Income properties revenues rose 22% for the third quarter of 2006 when compared
to prior year and resulted in a 20% increase in profitability. These
favorable results were achieved with the addition of two new properties in
2006 and seven new properties throughout 2005. Revenues and profits were
$2,183,626 and $1,775,929, respectively for 2006 compared to $1,789,114 and
$1,479,720, respectively for 2005's same period. Income properties costs and
expenses rose 32% primarily on additional depreciation associated with the
properties acquired.

The addition of the new properties in 2005 and 2006 also accounted for the
improved results for the nine-month period as profits increased 21% to
$4,928,206 on revenues of $5,997,775. For the first nine months of 2005
profit of $3,909,240 was generated on revenues totaling $4,775,031.
Additional depreciation expense accounted for the 24% gain in costs and
expenses during the nine-month period.
20


GOLF OPERATIONS.
Results from golf operations improved 12% on a 12% rise in revenues
during the third quarter of 2006 when compared to 2005's third quarter. Both
golf and food and beverage activities contributed to the favorable results
with golf revenues increasing 13% on a 14% gain in the number of rounds
played, and food and beverage revenues increasing 9%. Revenues of $1,027,067
were recorded in 2006's third quarter resulting in an operating loss of
$456,616. For the same period of 2005, revenues and operating losses of
$920,836 and $518,313 were posted, respectively. A 3% increase in golf costs
and expenses was attributed to the increased activity during the period.

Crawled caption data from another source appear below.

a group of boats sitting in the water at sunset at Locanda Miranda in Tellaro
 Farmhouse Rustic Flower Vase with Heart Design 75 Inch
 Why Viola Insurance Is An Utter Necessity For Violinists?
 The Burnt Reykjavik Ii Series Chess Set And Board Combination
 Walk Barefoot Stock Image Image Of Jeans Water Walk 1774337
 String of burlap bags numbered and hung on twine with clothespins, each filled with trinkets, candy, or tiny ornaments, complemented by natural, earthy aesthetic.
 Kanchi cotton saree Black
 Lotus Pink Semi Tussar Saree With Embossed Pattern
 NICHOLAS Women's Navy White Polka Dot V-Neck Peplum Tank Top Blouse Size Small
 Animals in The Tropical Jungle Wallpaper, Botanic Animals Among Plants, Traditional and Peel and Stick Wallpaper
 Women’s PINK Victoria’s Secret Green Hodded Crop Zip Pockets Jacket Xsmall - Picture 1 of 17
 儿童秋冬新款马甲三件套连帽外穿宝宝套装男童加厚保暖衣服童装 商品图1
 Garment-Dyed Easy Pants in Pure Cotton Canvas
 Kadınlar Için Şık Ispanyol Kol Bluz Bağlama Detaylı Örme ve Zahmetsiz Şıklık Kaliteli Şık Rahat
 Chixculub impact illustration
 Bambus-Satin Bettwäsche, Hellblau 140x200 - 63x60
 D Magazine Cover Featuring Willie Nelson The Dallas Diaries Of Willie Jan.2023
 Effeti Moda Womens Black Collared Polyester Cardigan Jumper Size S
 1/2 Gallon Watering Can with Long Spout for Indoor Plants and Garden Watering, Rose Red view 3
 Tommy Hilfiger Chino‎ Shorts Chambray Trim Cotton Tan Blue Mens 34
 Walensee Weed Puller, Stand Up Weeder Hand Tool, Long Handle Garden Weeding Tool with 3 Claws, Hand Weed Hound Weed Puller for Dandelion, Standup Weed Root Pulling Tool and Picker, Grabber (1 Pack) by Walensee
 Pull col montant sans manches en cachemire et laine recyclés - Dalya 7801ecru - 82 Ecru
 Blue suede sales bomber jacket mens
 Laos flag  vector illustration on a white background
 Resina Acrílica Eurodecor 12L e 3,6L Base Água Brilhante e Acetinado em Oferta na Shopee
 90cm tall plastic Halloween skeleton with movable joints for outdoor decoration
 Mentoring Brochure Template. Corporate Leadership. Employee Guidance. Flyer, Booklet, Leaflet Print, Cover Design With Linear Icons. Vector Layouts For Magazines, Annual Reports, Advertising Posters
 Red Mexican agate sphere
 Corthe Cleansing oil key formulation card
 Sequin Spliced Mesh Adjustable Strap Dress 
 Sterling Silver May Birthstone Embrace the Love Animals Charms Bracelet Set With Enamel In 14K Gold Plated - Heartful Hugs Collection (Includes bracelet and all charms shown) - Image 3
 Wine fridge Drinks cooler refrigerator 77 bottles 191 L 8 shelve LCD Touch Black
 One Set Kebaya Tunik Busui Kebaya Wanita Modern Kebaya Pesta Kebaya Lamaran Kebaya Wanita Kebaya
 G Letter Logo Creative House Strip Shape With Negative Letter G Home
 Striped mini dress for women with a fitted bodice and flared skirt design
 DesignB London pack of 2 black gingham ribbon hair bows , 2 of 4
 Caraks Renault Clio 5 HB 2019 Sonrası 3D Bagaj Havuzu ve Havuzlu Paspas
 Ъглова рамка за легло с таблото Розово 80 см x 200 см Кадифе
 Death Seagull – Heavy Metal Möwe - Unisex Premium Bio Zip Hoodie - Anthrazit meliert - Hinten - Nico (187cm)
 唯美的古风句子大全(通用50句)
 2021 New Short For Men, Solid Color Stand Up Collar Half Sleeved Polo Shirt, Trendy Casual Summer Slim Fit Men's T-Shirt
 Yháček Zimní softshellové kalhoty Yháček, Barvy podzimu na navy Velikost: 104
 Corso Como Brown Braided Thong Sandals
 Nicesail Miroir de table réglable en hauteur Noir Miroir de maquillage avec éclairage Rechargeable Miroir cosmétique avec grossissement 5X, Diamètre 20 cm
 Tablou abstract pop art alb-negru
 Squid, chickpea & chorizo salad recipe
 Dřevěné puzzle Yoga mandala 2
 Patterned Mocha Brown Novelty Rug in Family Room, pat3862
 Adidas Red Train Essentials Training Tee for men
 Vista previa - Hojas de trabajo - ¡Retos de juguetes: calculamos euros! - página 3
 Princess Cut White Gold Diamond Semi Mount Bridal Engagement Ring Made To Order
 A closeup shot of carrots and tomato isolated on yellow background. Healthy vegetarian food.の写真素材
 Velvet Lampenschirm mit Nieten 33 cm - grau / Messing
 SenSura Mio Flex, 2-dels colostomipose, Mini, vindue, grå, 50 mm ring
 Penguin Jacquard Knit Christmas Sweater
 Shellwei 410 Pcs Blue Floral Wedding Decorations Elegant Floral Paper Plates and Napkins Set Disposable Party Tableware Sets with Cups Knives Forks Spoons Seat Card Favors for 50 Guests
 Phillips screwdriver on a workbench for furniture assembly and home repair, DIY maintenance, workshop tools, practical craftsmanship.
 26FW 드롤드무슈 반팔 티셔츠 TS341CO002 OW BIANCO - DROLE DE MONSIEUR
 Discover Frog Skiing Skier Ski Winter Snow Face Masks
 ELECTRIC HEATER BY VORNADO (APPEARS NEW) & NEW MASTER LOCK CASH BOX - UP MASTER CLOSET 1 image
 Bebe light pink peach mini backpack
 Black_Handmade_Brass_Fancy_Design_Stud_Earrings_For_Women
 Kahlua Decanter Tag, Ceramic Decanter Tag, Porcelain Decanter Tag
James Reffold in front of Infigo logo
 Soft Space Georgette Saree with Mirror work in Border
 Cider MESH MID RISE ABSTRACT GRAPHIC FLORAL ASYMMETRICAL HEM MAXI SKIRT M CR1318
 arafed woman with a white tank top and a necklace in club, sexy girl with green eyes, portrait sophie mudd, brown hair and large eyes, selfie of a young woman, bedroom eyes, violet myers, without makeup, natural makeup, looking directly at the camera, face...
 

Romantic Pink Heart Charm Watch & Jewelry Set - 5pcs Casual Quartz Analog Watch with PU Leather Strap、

For the first nine months of 2006, revenues from golf operations of
$3,909,816 produced an operating loss of $781,074. During 2005's first
nine-month period, revenues and operating losses amounted to $3,648,055 and
$861,346,respectively.

The 7% increase in revenues again was a combination of both golf and food
and beverage activities with golf revenues increasing 9% and food and
beverage revenues providing a 3% revenue gain. The gain in golf revenues
is associated with a 5% rise in the number of rounds played in addition to
a 6% climb in average fee per round played. Golf operations costs and
expenses increased 4% during the period on the additional volume and higher
golf course maintenance costs, and food and beverage payroll and operating
costs.

GENERAL, CORPORATE AND OTHER.
For the third quarter and first nine months of 2006, the sale of other real
estate interests generated income of $212,550 and $668,420, respectively.
These profits were realized on the release of subsurface interests on 610
acres of which 49 acres were released during the third quarter. Releases
were granted on 1,358 acres during 2005's first nine months, of which 138
were released in the third quarter. These releases generated income of
$21,210 and $258,943 for the three-month and nine-month periods, respectively.

Interest and other income decreased 81% to $38,831 in the third quarter of
2006, while declining 36% to $484,516 for the first nine months when compared
to 2005's same periods. Interest and other income totaled $207,070 and
$676,116 for 2005's third quarter three-month period and nine months,
respectively. Declines for both of these periods were attributed to lower
earnings on interest from mortgage notes receivable, as there were no notes
outstanding during 2006's first nine months, and lower earnings on funds
held for reinvestment through the like-kind exchange process. Lower
earnings from investment securities on lower funds held for investment,
also contributed to the decrease during the third quarter.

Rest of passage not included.